İstanbul'da, Cumhuriyet gazetesi yönetici ve yazarları hakkında, 'PKK/KCK, FETÖ/PDY ve DHKP/C'ye müzahir oldukları' iddiasına ilişkin açılan davaya devam edildi. Sanıkların tutukluluk halinin devamına karar verilen duruşmada tutuklu sanık Ahmet Şık, ifadelerinde savunma dışına çıktığı gerekçesiyle duruşma salonundan çıkarıldı.
30.12.2017 20:11 İstanbul'da, Cumhuriyet gazetesi yönetici ve yazarları hakkında, 'PKK/KCK, FETÖ/PDY ve DHKP/C'ye müzahir oldukları' iddiasına ilişkin açılan davaya devam edildi. Sanıkların tutukluluk halinin devamına karar verilen duruşmada tutuklu sanık Ahmet Şık, ifadelerinde savunma dışına çıktığı gerekçesiyle duruşma salonundan çıkarıldı.
25 Aralık'ta Çağlayan'daki İstanbul Adalet Sarayı'nda, İstanbul 27. Ağır Ceza Mahkemesi'nce görülen duruşmada, Cumhuriyet gazetesi eski yayın danışmanı Doğan Satmış, tanık olarak ifade verdi.
Satmış, Cumhuriyet gazetesinde bir dönem yayın danışmanlığı yaptığını anlatarak, davaya tanık olarak çağrılmasına neden olan röportajdaki ifadelerin kendisine ait olmadığını savundu.
Satmış'ın beyanlarının ardından Mahkeme Heyeti Başkanı Abdurrahman Orkun Dağ, duruşmaya saat 14.00'e kadar ara verdiğini açıkladı.
Bunun üzerine söz alan tutuklu sanıklardan Ahmet Şık, zaman kaybı olmaması açısından hazırladığı beyanını okumak istediğini söyledi.
Bu talebin kabul edilmesi üzerine sanık kürsüsüne çıkarak beyanda bulunan Şık'ı uyaran Mahkeme Heyeti Başkanı Dağ, savunma sınırını aşması halinde konuşmasını sonlandıracağını söyledi.

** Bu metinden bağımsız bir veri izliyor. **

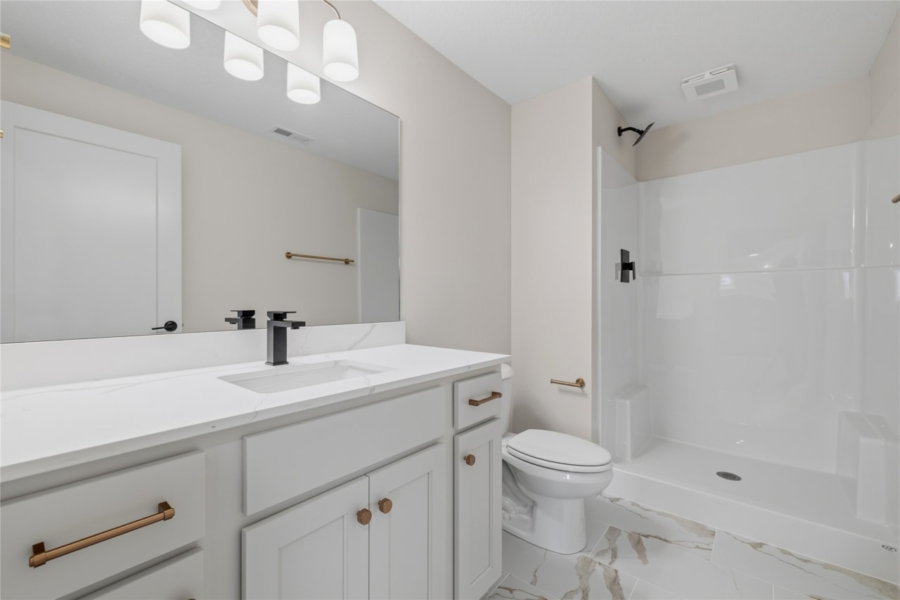 Secondary bathroom with white shaker vanity, quartz countertop, matte black faucet, and marble-look tile floor in Ankeny Iowa new construction home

Sert ifadeleri üzerine Şık'ın sözünü kesen Mahkeme Başkanı Dağ, 'Böyle giderse buna izin vermem. Açılmış olan bir dava var, savunma içeriğini aşma, iktidarla yargıyla senin işin yok.' dedi.
Bu sırada, salondaki izleyicilerden bir kişi de Mahkeme Başkanı Dağ'a yönelik sözleri üzerine salondan çıkarıldı.
Konuşmasına devam eden Şık, açıklamalarının savunma sınırında olduğunu öne sürdü.
Konuşmasının devamındaki ifadelerin savunma sınırını aştığını belirterek Şık'ın sözünü kesen Mahkeme Başkanı Dağ, 'Bu, savunma değil. Bu, siyasi bir dava değil. Sanığın bu şekilde savunma yapmasına izin vermem, sanığı dışarı alın.' dedi.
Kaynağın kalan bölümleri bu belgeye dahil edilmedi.